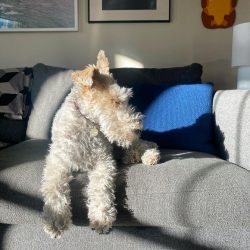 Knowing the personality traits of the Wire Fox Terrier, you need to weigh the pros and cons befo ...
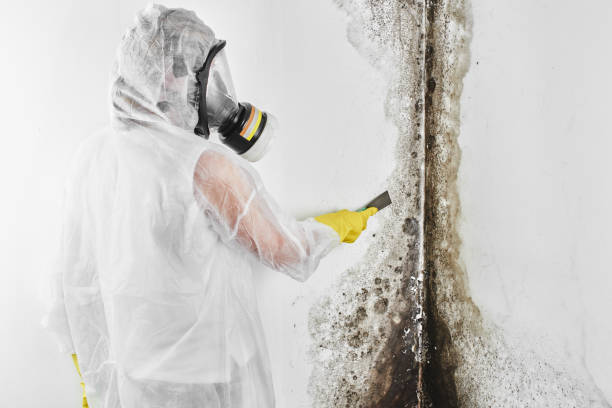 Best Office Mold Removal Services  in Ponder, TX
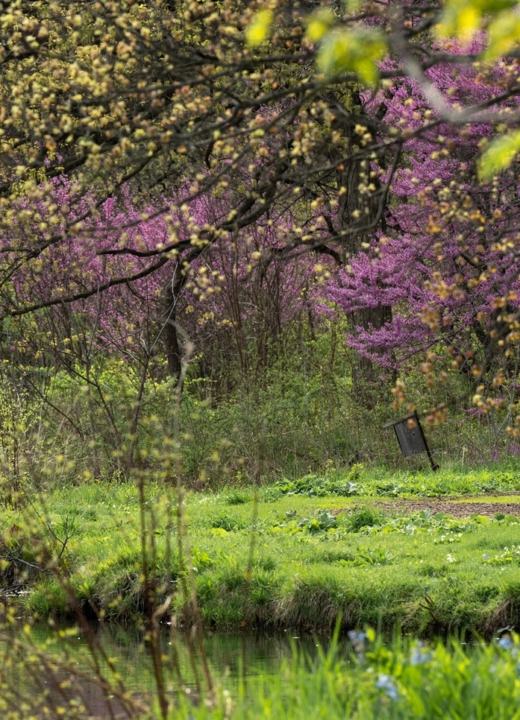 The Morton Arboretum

§ TASK GOAL:
Pictures are to be dropped, and the remaining data set down exactly.

§ OUTPUT OF THE EXERCISE:
 Knowing the personality traits of the Wire Fox Terrier, you need to weigh the pros and cons befo ...
 Best Office Mold Removal Services  in Ponder, TX
 The Morton Arboretum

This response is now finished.